*What needs to be done:*
In the entries below, repeat only the lines between those holding "STO LAT NIEPODLEGŁEJ - początek obchodów" and "2005 UNDER THE", inclusive. Leave pictures out.

*Data:*

......

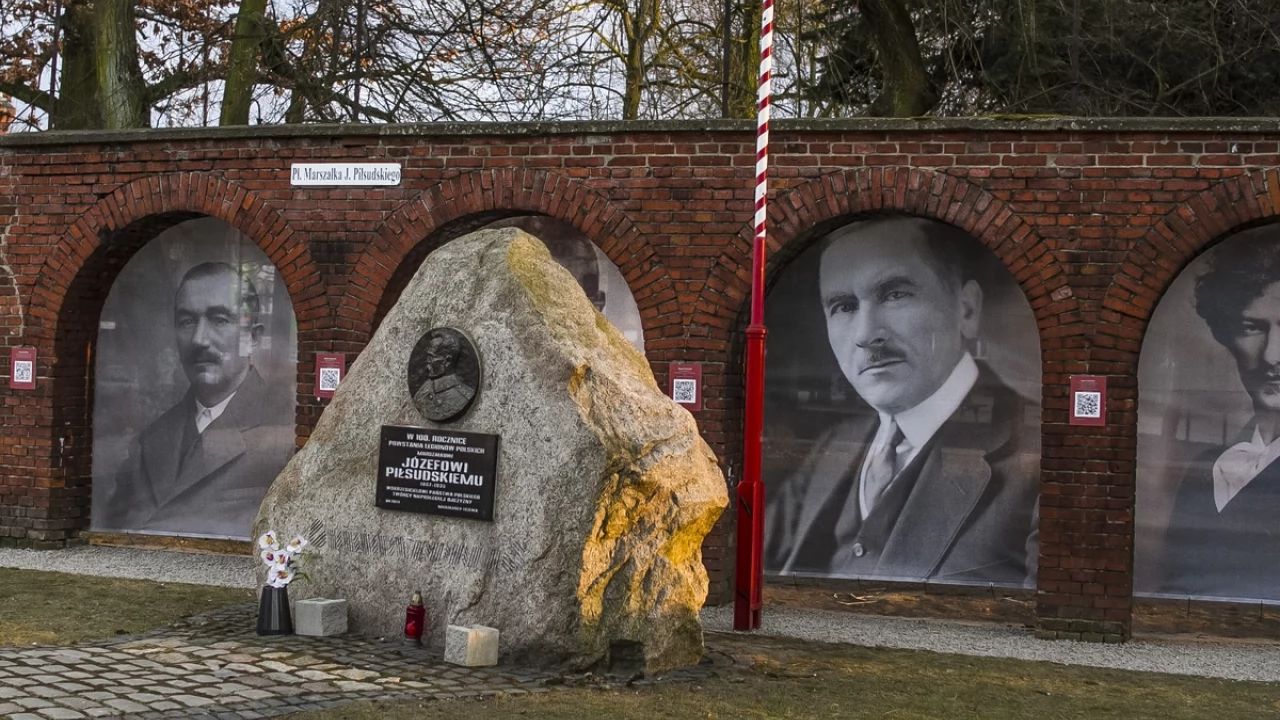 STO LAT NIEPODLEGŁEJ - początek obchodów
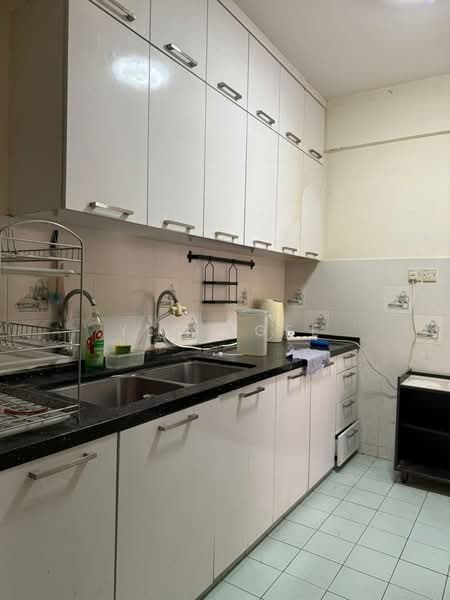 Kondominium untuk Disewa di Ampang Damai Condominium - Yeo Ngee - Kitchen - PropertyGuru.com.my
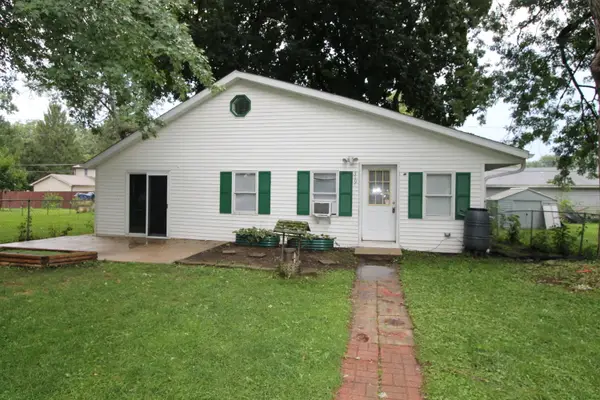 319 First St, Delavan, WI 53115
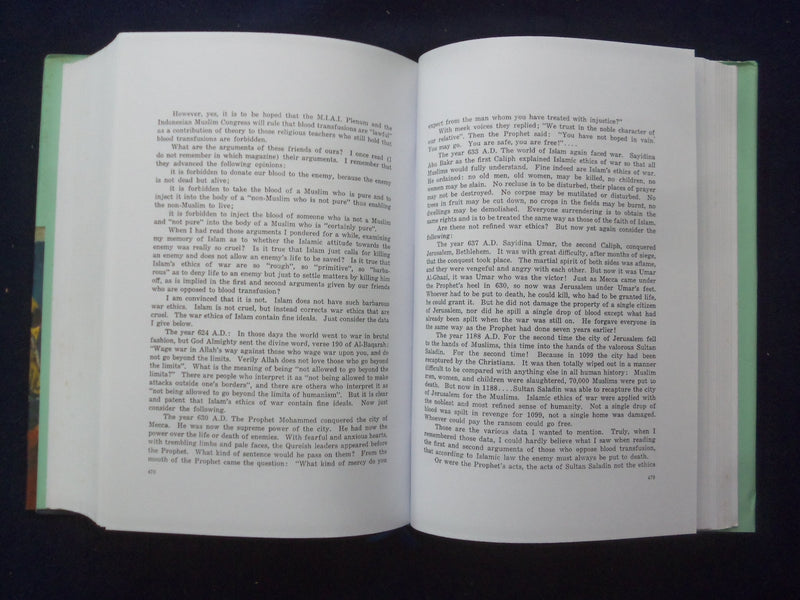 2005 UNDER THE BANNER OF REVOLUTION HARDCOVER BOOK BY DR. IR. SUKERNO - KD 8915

......

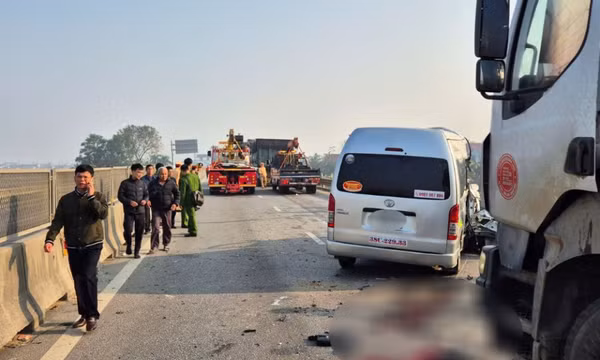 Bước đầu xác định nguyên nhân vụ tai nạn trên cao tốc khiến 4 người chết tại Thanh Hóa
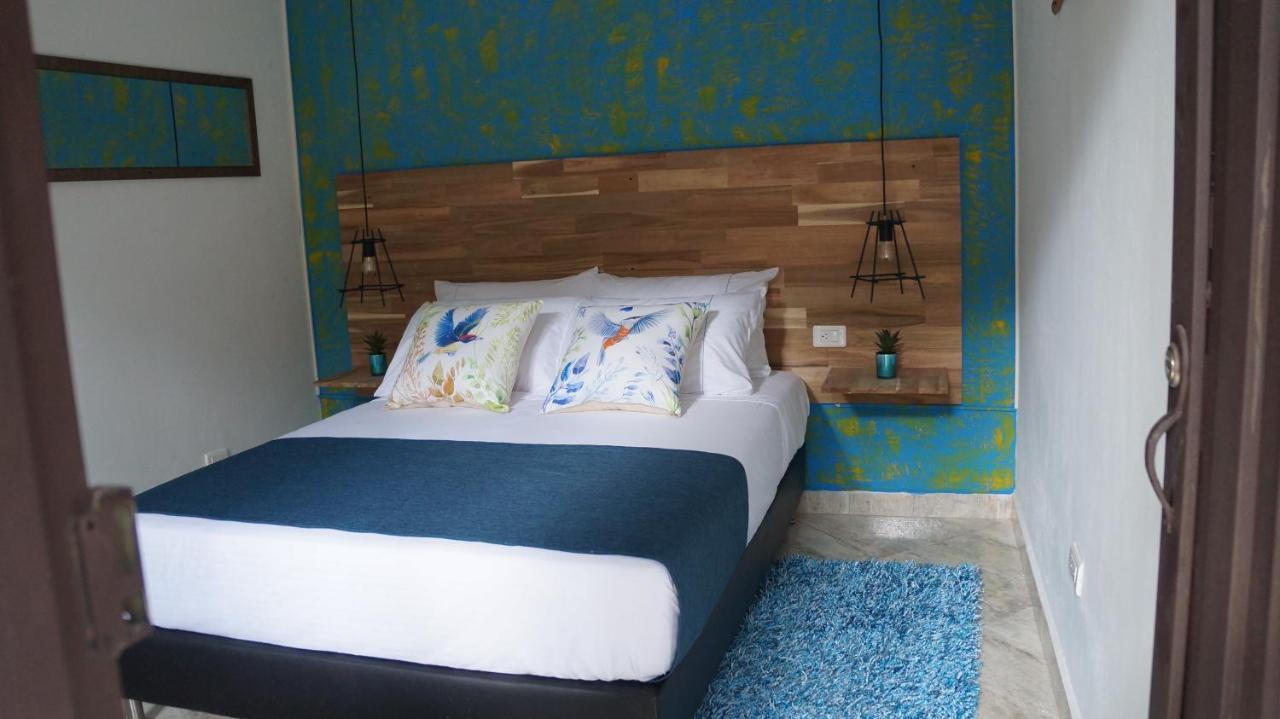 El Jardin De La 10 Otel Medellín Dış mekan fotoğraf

......

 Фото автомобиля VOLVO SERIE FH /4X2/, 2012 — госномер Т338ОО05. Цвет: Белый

......

*Finished task:*
 STO LAT NIEPODLEGŁEJ - początek obchodów
 Kondominium untuk Disewa di Ampang Damai Condominium - Yeo Ngee - Kitchen - PropertyGuru.com.my
 319 First St, Delavan, WI 53115
 2005 UNDER THE BANNER OF REVOLUTION HARDCOVER BOOK BY DR. IR. SUKERNO - KD 8915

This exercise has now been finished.